DBT Bureau
Pune, 1 July 2026
Honeywell Technologies announced it has completed the previously announced spin-off of its Aerospace Technologies business, which now operates as Honeywell Aerospace. Honeywell Technologies will continue to trade “regular way” on the Nasdaq Stock Market LLC under the ticker symbol “HON,” and shares of Honeywell Aerospace common stock will begin trading “regular way” on Nasdaq under the ticker symbol “HONA,” effective at the market opening today.
“Today is a defining moment in Honeywell’s legacy,” said Vimal Kapur, Chairman and CEO of Honeywell Technologies. “With the completion of this separation, we have successfully transformed Honeywell into three independent, industry-leading companies: Honeywell Technologies, Honeywell Aerospace and Solstice Advanced Materials. Each company is built around a distinct strategy with greater focus and financial flexibility to pursue a long-term growth agenda.”
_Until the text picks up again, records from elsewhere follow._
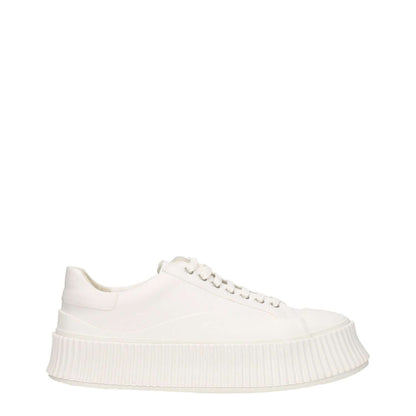 Jil Sander White Fabric Platform Sneakers with lace-up closure and rubber wedge sole. Casual style with a 5 cm wedge height and round toe.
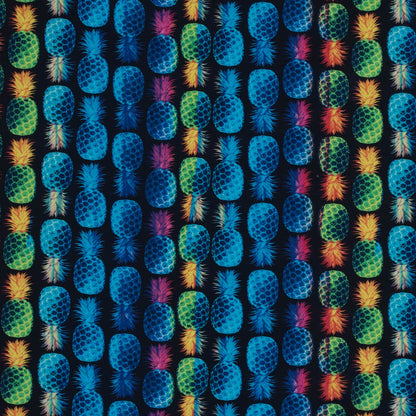 Compression Swimwear Tricot, UV Protective with Aloe Vera Microcapsules - Navy Pineapples - Caye Collection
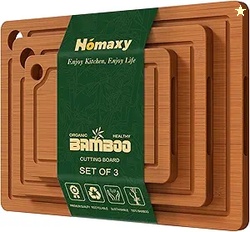 Homaxy Bamboo Cutting Board for Kitchen Set of 3 Wooden Cutting Boards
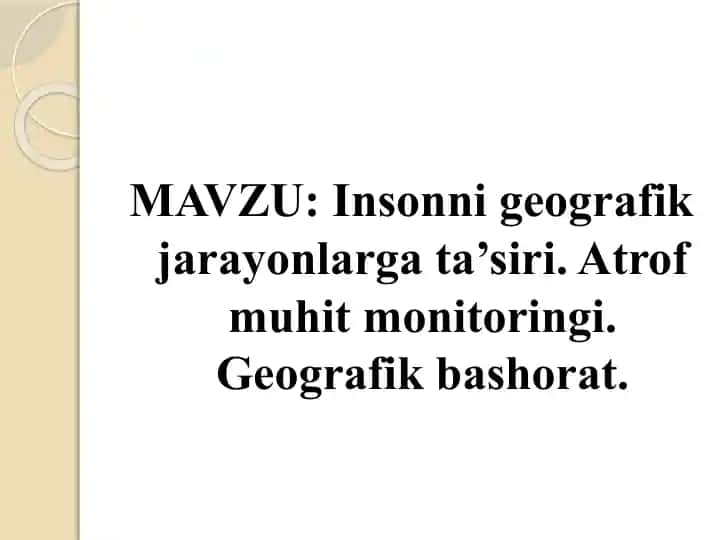 Insonning geografik jarayonlarga ta'siri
Kapur added, “This milestone is the culmination of years of disciplined execution and marks the conclusion of the portfolio transformation we began in 2023. As standalone companies, Honeywell Technologies and Honeywell Aerospace are uniquely positioned to accelerate innovation, invest with greater precision and capitalize on the value creation opportunities in our respective industries. We are confident each company is strongly positioned to create enduring value for decades to come.”
Honeywell Technologies is now uniquely positioned to lead the industrial sector’s transition from automation to autonomy with a portfolio that spans the building, process and industrial sectors. By pairing its deep domain expertise with decades of data from its vast global installed base, Honeywell Technologies is delivering mission-critical outcomes for customers through services, solutions and products that enable safety, productivity, efficiency and uptime.
The spin-off was completed through the distribution, effective as of today at 12:01 a.m. New York City time, of all of the issued and outstanding shares of Honeywell Aerospace common stock to Honeywell Technologies shareowners of record on the basis of one share of Honeywell Aerospace common stock for every two shares of Honeywell Technologies common stock held as of the close of business on June 15, 2026, the record date for the distribution. Honeywell Technologies shareowners of record will receive cash in lieu of any fractional shares to which they would otherwise be entitled.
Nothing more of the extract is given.